(WORK INSTRUCTION):
Leave out the pictures and retype, exactly, the lines below from the line with "Yonex VCORE Play" up to and including the line with "4 x Mikasa 21cm Cranborne Side Plate - Cream", nothing more.

(DATA TO USE Opens)

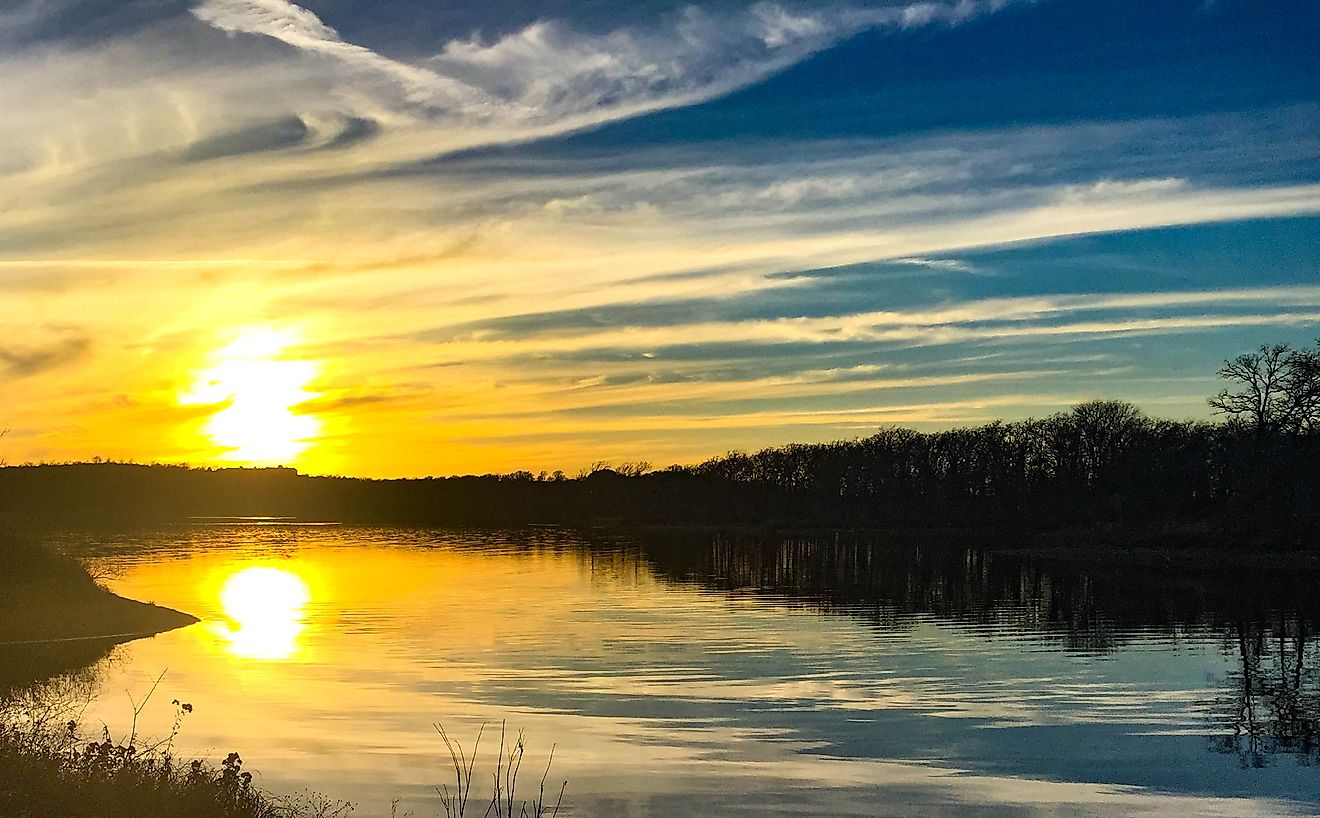 Chickasaw National Recreation Area near Sulphur, Oklahoma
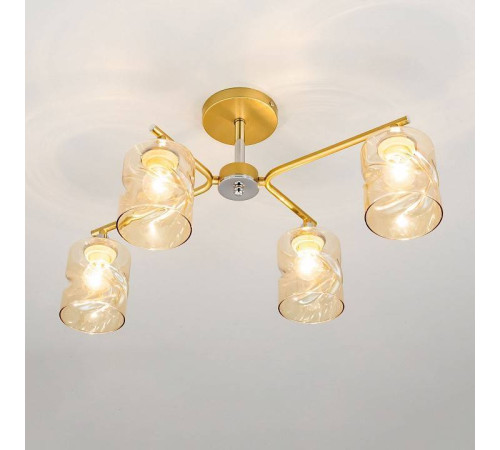 Люстра на штанге Citilux Клод CL137142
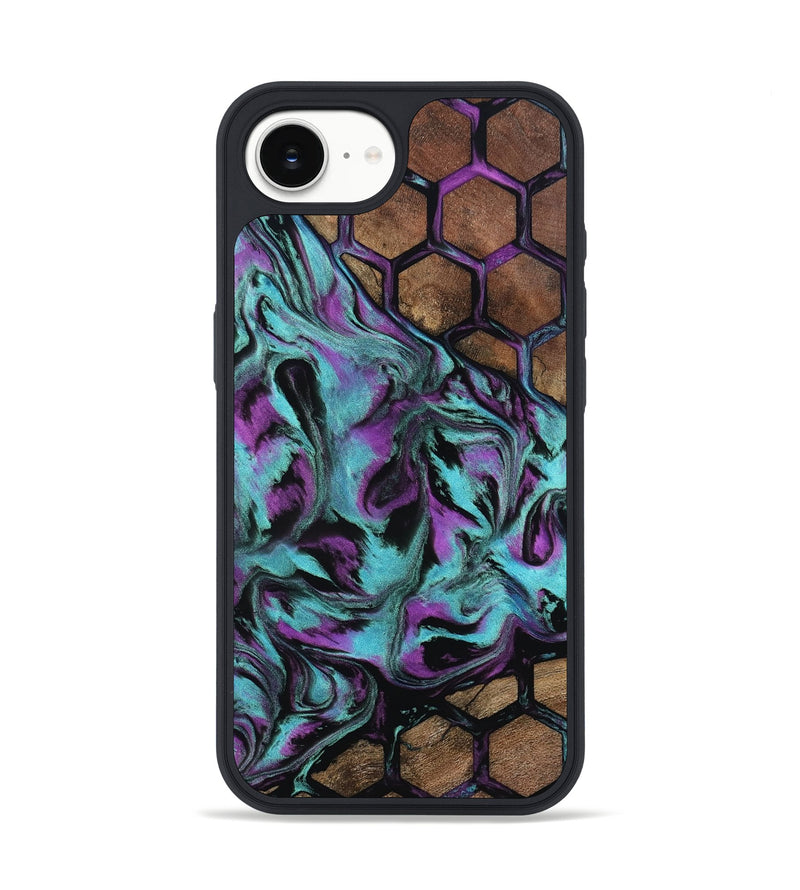 iPhone 16e Wood Phone Case - Coleen (Pattern, 802089)
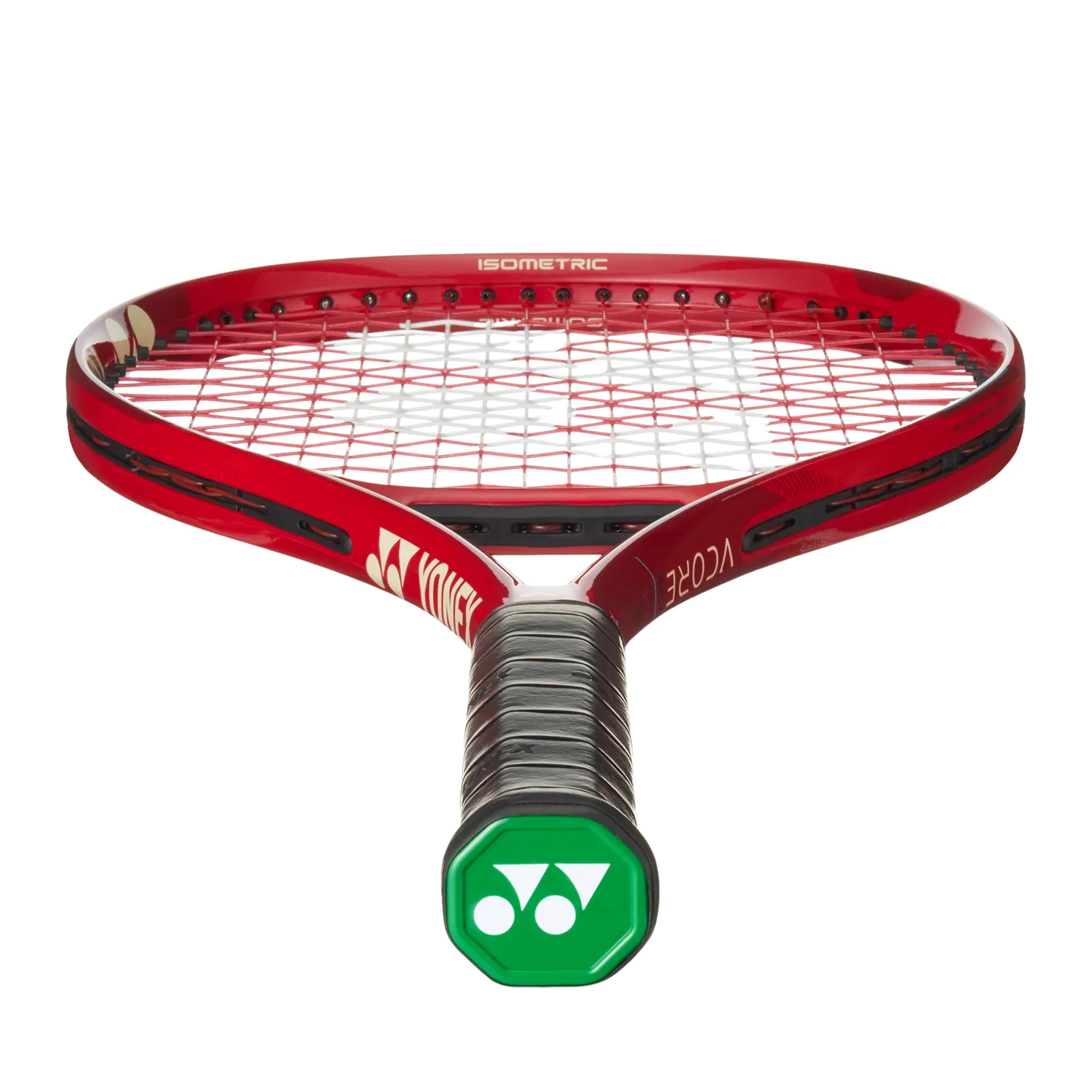 Yonex VCORE Play 08 2026 Tennis Racket Strung 265g - Ruby Red Tennis Rackets Yonex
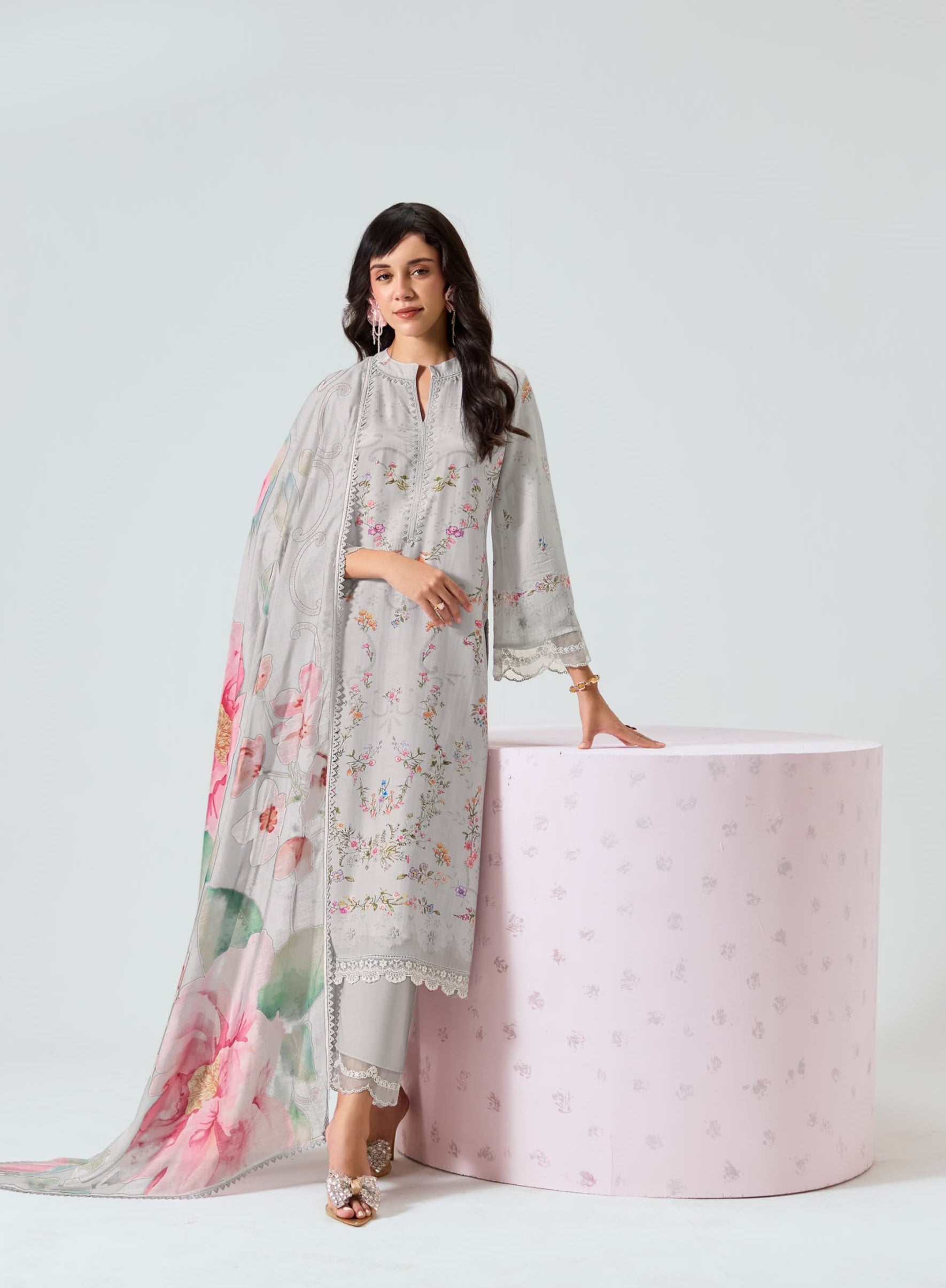 Premium Muslin Digital Printing Dress Material 🥰💫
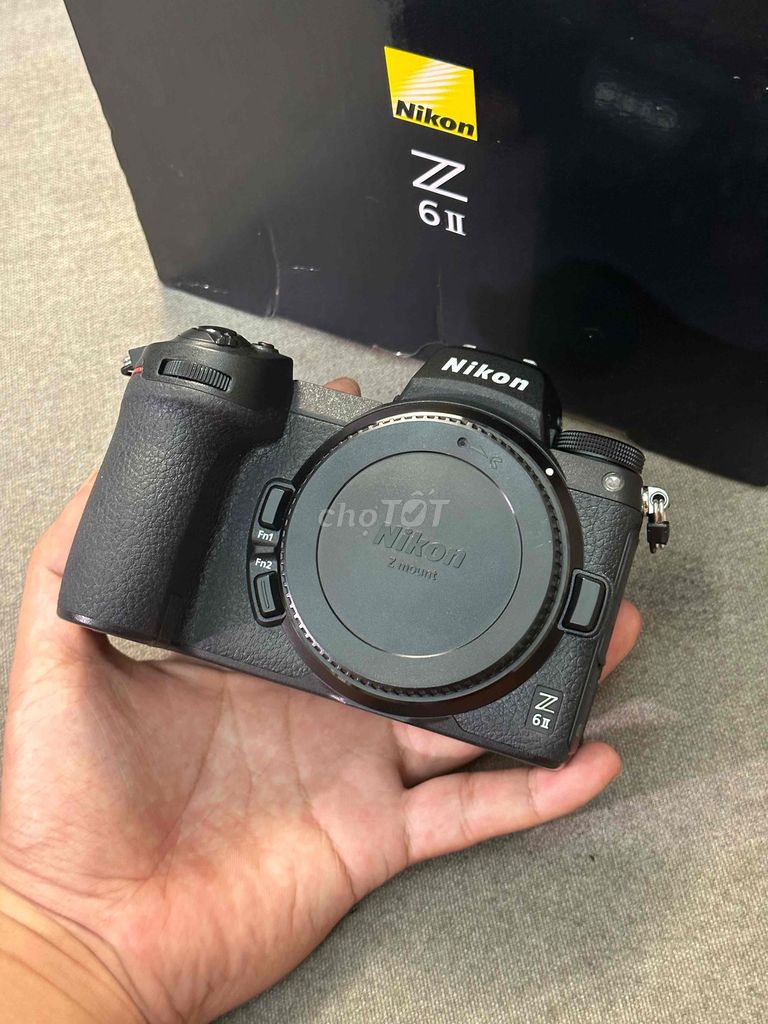 Nikon Z6II Fullbox Likenew 99% - Chụp 1k shot. Mua bán Máy ảnh, Máy quay tại Quận Hải Châu Đà Nẵng được đăng bởi Tiến Đạt hình 1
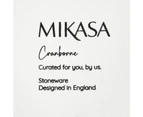 4 x Mikasa 21cm Cranborne Side Plate - Cream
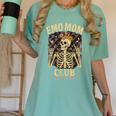 Emo Mom Club Still Rockin Skeleton Nostalgia Women Mother Women's Comfort Colors T-Shirt Violet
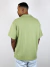 Camisa Manga Curta New Cream Verde - Totanka - loja online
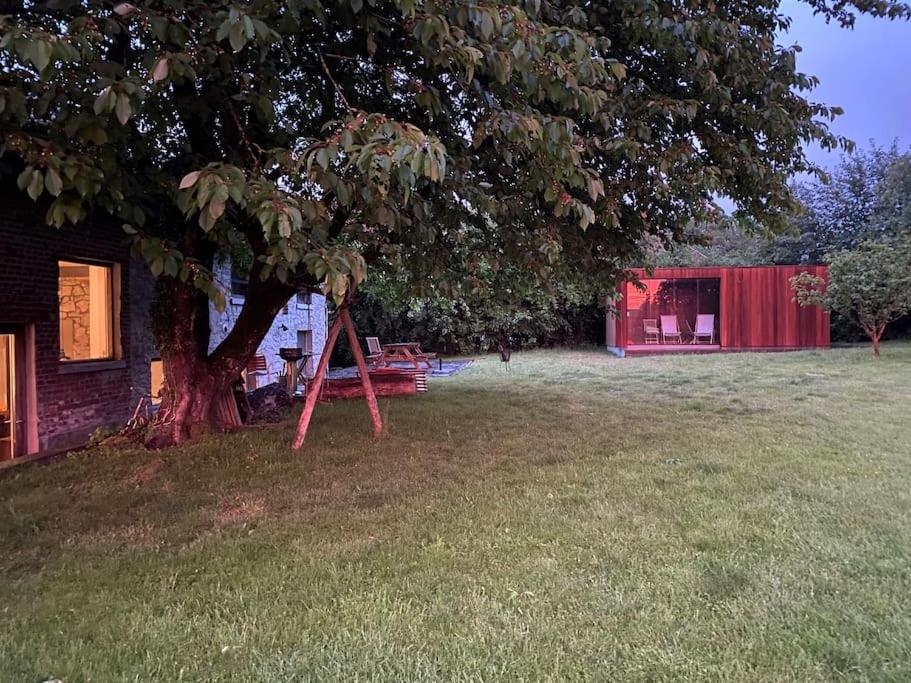 Gerestaureerde hoeve met zicht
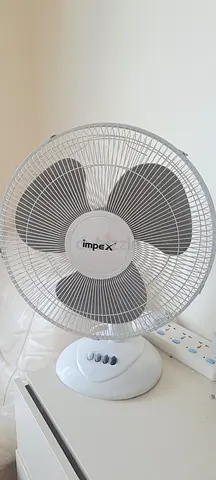 Impex brand table fan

(DATA TO USE Closes)

(RESPONSE):
 Yonex VCORE Play 08 2026 Tennis Racket Strung 265g - Ruby Red Tennis Rackets Yonex
 Premium Muslin Digital Printing Dress Material 🥰💫
 Nikon Z6II Fullbox Likenew 99% - Chụp 1k shot. Mua bán Máy ảnh, Máy quay tại Quận Hải Châu Đà Nẵng được đăng bởi Tiến Đạt hình 1
 4 x Mikasa 21cm Cranborne Side Plate - Cream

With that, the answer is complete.